It took a bit of sweet talk, but the fair maiden is eventually starting to smile at the attractive suitor. It seems likely that the Remgro consortium will make a formal offer to purchase 100% of Mediclinic’s shares.
After the Mediclinic board of directors announced that it would support the latest bid of £5.04 per Mediclinic share – it came to light that Remgro had come with no less than three offers since the first one was rejected by Mediclinic directors.
The only big hurdle will be to convince minority shareholders that it is a good idea to cash in their investment in the growing Mediclinic group now.
Shareholders in SA will probably be happy with the latest offer.
Not only is the offer significantly higher than the first offer of £3.73, the rand has weakened quite a bit against the British pound to make it even more attractive in rand terms.
Mediclinic noted in a announcement that the latest offer of £5.04 per share is nearly 35% higher than the first offer and that the latest offer represents a premium of around 50% to the average volume weighted share price during the six months before Mediclinic received the first offer.
Share price surge
Since the first offer, the rand has declined from R19.80 per pound sterling to R20.08, adding a few percentage points to shareholders’ profit. Since 25 May, Mediclinic’s share price has increased by around 32% from slightly above R72 to more than R95 after the market heard about the latest offer.
The group’s share price has now hit a 52-week high.
The new offer is equal to R101.20 at the current exchange rate.

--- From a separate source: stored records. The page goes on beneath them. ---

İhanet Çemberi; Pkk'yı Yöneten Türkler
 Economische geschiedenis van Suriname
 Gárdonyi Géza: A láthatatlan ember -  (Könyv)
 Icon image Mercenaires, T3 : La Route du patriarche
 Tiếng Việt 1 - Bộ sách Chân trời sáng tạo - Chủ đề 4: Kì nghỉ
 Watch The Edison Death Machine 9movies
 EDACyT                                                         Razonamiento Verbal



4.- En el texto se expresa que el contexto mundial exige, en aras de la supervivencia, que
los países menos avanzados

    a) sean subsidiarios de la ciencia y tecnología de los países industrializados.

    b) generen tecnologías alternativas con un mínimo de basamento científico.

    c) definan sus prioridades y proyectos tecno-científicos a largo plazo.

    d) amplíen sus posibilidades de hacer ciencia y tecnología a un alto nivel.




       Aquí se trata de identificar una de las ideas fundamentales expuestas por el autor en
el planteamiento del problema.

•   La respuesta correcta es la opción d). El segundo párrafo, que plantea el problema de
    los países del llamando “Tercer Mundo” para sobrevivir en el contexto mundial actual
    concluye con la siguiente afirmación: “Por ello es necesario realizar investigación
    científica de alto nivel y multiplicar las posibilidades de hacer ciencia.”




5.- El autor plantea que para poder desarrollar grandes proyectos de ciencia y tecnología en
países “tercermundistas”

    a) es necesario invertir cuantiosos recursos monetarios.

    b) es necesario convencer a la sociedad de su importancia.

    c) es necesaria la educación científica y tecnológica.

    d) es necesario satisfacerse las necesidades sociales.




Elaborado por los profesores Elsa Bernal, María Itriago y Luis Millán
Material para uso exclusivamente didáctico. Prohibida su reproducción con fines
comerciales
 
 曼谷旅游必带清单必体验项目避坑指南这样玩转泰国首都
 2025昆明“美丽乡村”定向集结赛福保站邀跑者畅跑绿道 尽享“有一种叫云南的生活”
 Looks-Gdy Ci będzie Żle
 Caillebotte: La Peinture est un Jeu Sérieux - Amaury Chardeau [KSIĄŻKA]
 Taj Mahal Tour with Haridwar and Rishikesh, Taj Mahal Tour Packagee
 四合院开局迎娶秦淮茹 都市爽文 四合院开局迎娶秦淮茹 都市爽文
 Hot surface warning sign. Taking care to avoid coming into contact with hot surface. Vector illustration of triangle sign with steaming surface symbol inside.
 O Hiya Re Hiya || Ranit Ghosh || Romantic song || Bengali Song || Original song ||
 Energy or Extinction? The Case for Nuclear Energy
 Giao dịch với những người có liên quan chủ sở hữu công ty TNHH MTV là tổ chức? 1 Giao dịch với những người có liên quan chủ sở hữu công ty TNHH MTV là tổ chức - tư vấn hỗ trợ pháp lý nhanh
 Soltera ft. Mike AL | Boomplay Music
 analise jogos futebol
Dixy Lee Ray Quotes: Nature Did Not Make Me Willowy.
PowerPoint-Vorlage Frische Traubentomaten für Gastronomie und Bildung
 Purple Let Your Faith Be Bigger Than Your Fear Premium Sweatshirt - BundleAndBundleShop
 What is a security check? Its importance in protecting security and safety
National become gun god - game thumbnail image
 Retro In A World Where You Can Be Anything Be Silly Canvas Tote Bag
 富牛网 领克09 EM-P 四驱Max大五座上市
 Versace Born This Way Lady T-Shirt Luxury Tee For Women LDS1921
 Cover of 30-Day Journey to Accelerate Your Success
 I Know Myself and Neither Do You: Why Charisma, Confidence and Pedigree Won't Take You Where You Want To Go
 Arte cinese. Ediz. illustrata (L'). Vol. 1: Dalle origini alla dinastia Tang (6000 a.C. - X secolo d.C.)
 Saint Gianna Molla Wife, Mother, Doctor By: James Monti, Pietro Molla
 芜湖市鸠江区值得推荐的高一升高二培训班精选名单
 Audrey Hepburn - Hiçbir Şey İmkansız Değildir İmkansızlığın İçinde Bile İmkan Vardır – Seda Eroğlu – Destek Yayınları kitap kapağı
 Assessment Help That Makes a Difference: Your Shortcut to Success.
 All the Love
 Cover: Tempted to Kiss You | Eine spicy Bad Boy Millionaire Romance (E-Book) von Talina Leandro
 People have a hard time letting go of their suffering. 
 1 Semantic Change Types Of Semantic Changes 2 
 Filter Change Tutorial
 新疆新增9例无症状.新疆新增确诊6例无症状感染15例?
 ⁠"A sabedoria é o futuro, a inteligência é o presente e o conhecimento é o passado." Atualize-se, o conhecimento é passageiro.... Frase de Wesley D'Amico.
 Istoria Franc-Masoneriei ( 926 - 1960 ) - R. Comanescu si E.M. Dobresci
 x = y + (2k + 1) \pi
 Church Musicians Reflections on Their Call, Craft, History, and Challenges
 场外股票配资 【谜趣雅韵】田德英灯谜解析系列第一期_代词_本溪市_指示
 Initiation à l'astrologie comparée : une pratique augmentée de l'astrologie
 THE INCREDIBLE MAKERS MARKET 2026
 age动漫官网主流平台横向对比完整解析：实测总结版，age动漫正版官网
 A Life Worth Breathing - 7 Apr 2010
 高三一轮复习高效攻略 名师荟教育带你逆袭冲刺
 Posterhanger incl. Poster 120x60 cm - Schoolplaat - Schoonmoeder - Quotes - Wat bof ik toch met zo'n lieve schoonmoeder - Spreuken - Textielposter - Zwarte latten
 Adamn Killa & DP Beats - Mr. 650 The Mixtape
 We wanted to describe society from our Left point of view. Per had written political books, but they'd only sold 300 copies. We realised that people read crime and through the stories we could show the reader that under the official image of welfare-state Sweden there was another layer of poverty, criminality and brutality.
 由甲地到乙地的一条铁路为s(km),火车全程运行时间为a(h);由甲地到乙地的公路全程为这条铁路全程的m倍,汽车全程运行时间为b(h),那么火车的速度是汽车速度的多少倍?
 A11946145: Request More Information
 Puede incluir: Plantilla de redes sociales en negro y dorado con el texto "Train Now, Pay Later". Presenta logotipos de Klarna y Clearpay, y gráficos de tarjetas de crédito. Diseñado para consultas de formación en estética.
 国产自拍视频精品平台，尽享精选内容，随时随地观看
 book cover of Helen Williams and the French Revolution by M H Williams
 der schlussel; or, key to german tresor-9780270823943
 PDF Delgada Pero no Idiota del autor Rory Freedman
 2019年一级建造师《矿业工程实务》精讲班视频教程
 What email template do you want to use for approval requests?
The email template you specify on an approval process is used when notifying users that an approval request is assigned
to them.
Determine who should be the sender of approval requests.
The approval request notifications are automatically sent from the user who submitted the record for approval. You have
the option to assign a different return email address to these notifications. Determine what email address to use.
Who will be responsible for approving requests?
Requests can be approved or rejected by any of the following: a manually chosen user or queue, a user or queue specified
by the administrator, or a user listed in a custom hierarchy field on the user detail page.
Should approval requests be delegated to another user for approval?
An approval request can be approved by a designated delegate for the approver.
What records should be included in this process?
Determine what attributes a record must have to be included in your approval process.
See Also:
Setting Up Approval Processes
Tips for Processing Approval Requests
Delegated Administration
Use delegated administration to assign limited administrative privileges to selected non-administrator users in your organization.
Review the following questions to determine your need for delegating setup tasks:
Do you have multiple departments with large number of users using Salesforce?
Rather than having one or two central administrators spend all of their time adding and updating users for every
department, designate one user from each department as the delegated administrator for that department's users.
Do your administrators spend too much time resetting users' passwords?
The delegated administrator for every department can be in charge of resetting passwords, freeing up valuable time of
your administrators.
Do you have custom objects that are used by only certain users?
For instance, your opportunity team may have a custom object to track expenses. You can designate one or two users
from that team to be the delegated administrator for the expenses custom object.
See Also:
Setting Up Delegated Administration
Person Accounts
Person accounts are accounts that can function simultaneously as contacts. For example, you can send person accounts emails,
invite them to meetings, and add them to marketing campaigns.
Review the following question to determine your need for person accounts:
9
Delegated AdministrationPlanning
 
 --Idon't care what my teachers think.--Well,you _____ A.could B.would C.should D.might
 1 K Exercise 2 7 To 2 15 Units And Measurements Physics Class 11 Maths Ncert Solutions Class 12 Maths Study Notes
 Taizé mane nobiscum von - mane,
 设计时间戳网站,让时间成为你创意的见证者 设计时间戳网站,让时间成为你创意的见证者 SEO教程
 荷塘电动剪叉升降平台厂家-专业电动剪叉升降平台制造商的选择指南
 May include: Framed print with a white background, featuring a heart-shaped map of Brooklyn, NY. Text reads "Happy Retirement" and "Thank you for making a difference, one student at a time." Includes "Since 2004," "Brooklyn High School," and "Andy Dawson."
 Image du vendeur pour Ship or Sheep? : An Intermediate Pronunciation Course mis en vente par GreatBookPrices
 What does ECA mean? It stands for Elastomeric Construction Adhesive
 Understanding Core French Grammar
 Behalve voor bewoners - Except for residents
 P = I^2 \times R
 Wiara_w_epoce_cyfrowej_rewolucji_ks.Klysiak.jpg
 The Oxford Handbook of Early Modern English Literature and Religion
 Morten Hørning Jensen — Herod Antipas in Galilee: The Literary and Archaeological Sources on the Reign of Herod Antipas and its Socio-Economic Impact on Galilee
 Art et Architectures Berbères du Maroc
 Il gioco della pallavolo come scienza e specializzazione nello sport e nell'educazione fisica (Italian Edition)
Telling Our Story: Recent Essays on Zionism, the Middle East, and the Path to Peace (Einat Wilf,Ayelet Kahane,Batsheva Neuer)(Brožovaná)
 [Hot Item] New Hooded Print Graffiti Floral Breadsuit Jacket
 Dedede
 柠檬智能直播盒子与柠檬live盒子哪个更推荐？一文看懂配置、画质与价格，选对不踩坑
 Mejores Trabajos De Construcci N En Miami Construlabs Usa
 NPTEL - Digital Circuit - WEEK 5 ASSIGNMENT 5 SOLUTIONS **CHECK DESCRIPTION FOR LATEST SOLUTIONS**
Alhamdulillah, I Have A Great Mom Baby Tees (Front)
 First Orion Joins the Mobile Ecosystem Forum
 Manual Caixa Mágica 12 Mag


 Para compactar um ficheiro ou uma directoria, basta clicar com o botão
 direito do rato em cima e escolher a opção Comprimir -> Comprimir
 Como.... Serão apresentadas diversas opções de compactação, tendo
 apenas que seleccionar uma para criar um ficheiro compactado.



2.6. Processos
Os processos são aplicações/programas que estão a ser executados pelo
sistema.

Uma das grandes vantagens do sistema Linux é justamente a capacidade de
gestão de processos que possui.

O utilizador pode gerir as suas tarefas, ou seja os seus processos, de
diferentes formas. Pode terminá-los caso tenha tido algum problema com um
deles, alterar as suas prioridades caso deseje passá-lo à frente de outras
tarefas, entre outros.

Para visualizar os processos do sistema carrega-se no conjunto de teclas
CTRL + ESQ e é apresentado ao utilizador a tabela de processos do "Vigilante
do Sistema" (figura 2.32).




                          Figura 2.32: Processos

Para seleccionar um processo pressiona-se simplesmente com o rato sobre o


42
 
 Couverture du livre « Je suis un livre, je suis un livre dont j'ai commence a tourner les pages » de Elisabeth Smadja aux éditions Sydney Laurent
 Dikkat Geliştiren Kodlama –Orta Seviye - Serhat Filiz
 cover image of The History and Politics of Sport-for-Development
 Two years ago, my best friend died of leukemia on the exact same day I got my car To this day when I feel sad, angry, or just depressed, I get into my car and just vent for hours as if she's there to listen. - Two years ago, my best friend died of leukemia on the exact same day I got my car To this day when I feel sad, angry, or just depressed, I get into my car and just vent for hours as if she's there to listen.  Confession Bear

The share is currently trading some 40% higher than the R68 at the start of the year.
While the announcements still talk about a “possible cash offer” by the consortium comprising Remgro and MSC Mediterranean Shipping Company SA (acting through its wholly owned subsidiary SAS Shipping Agencies Services Sàrl), it will be surprising if the transaction does not go ahead.
“It looks like a done deal,” says Stephen Meintjes, head of research at Momentum Securities.
“It only remains to convince shareholders to accept the offer… It looks like a good offer, much better than the first,” he adds, noting that this is probably the final offer, seeing as Mediclinic’s board of directors indicated that it supports the offer.
“It raises an interesting question: How much of the total offer will Remgro contribute and how much will the shipping company pay?” says Meintjes.
This question will only be answered in a few weeks when the consortium tables its formal offer, with the answer disclosing Remgro’s final shareholding in Mediclinic.
It is safe to assume that Remgro will emerge as the controlling shareholder as it already owns around 45% of Mediclinic.
Mediclinic says in its announcement to shareholders that the board of directors (excluding Remgro’s representative of the board) remains confident in Mediclinic’s strategic direction and long-term prospects as an integrated healthcare partner.
“However, having weighed all relevant factors, including the current macroeconomic conditions, the independent board is of the view that the near-term value realisation of the latest proposal provides Mediclinic’s shareholders an attractive alternative to the group continuing as an independent company.”
“Therefore, should a firm offer be made on the financial terms of the latest proposal, the independent board would be minded to recommend it to Mediclinic shareholders, subject to the agreement of other customary terms and conditions,” the announcement states.
Put up or shut up
The consortium has until the afternoon of 4 August to make a formal bid, or announce that it will not make a bid. “Put up or Shut up” by this date, says Mediclinic.
In terms of the rules and regulations of the London Stock Exchange (LSE), the consortium had until Thursday, 7 July, to make a formal offer in terms of its first bid or offer a new proposal. The new offer effectively extended the deadline.
Mediclinic says that the deadline can be further extended by Mediclinic with the consent of the LSE’s Takeover Panel.
It also warns shareholders that there can be no certainty that any offer will be made and that the consortium reserves the right to vary the form of consideration at its discretion and/or introduce other forms of consideration, such as securities in substitution for all or part of the cash consideration.
It also notes that the consortium reserves the right to make an offer for Mediclinic at any time at a lower value or on less favourable terms, under certain circumstances.
As was the case with the first offer, the latest offer includes the final dividend of 3 pence declared in respect of the financial year to end March 2022.
The timing of the payment of the dividend and the timing of the transaction will determine whether shareholders first receive the dividend and then get £5.01 for their shares, or whether Remgro buys the shares inclusive of the dividend at £5.04 per shares.